En France, la loi controversée sur le 1er Mai, qui vise à encadrer les manifestations et les grèves ce jour férié, a suscité une vague de protestations ce week-end. Selon Libération, des rassemblements ont eu lieu à Paris (place de la République), Lyon (presqu’île) et Marseille (Vieux-Port), avec des appels à la « désobéissance civile » lancés par plusieurs syndicats, dont la CGT et Solidaires. Les forces de l’ordre ont déployé des effectifs importants pour éviter les débordements.
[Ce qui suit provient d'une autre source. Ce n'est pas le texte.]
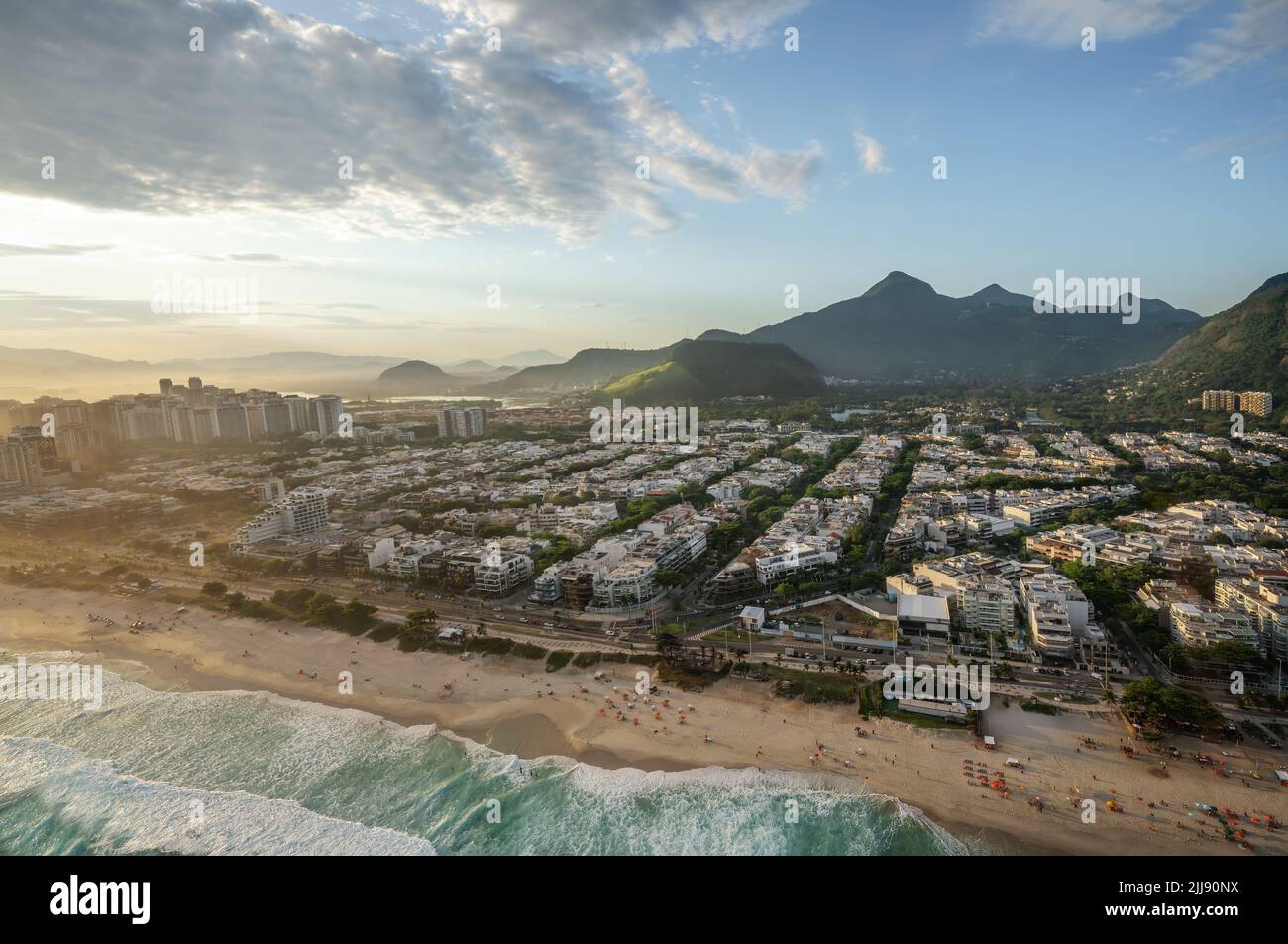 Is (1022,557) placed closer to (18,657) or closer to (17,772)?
(17,772)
Le gouvernement, qui défend ce texte comme un outil de « sécurisation des événements publics », a réaffirmé sa volonté de l’appliquer dès le 1er mai prochain. « Nous ne céderons pas à la pression des groupes radicaux », a déclaré le ministre de l’Intérieur lors d’une conférence de presse. Le texte prévoit notamment l’obligation de déclarer les rassemblements plus de 48 heures à l’avance et l’interdiction des cortèges « non déclarés » dans certaines zones.
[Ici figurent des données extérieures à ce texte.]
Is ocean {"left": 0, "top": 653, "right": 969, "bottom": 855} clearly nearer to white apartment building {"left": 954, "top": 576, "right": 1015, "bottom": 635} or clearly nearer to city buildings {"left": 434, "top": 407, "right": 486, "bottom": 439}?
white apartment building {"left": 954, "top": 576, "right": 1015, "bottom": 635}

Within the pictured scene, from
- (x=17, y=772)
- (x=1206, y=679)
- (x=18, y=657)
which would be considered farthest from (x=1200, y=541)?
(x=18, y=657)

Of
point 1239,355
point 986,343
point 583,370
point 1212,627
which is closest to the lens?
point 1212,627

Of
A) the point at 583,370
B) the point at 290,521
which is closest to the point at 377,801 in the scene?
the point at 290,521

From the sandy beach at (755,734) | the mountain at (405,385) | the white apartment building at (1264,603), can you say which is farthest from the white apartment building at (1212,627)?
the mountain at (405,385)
Une réforme du Code du travail en discussion tendue

À l’Assemblée nationale, l’examen de la réforme du Code du travail, adoptée en première lecture dans la nuit de samedi, a donné lieu à des débats houleux. Selon Libération, les députés ont notamment adopté un amendement controversé sur le télétravail, qui étend la possibilité pour les employeurs d’imposer un retour en présentiel sous conditions. Les syndicats dénoncent une « régression des droits des salariés » et appellent à une mobilisation nationale.
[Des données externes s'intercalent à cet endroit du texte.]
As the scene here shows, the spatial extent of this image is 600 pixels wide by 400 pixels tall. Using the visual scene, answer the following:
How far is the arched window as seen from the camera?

Le texte doit désormais être examiné au Sénat dans les prochaines semaines, où les élus de droite et du centre pourraient apporter des modifications. « Nous restons mobilisés pour faire entendre la voix des travailleurs », a affirmé la secrétaire générale de la CFDT lors d’un meeting à Toulouse. La réforme, présentée comme un levier pour « moderniser le marché du travail », divise jusqu’au sein de la majorité présidentielle.

Et maintenant ?

Au Moyen-Orient, les observateurs s’attendent à une reprise des négociations d’ici quelques semaines, mais les conditions pour un accord semblent toujours aussi fragiles. En Hongrie, la campagne électorale s’annonce serrée, avec des meetings de grande ampleur prévus jusqu’au 25 avril. En France, la loi sur le 1er Mai pourrait faire l’objet de recours devant le Conseil constitutionnel, tandis que les syndicats préparent déjà des actions pour le 1er mai. Quant à la réforme du Code du travail, son avenir dépendra des arbitrages qui seront rendus au Sénat d’ici fin mai.

La semaine prochaine s’annonce donc décisive pour plusieurs de ces dossiers, avec des conséquences potentielles pour les équilibres politiques et sociaux en Europe et au-delà.

Selon Libération, les principaux désaccords portent sur le statut de Jérusalem, les frontières des futurs États, et la question des réfugiés palestiniens. Les deux parties restent campées sur leurs positions initiales, sans marge de manœuvre apparente.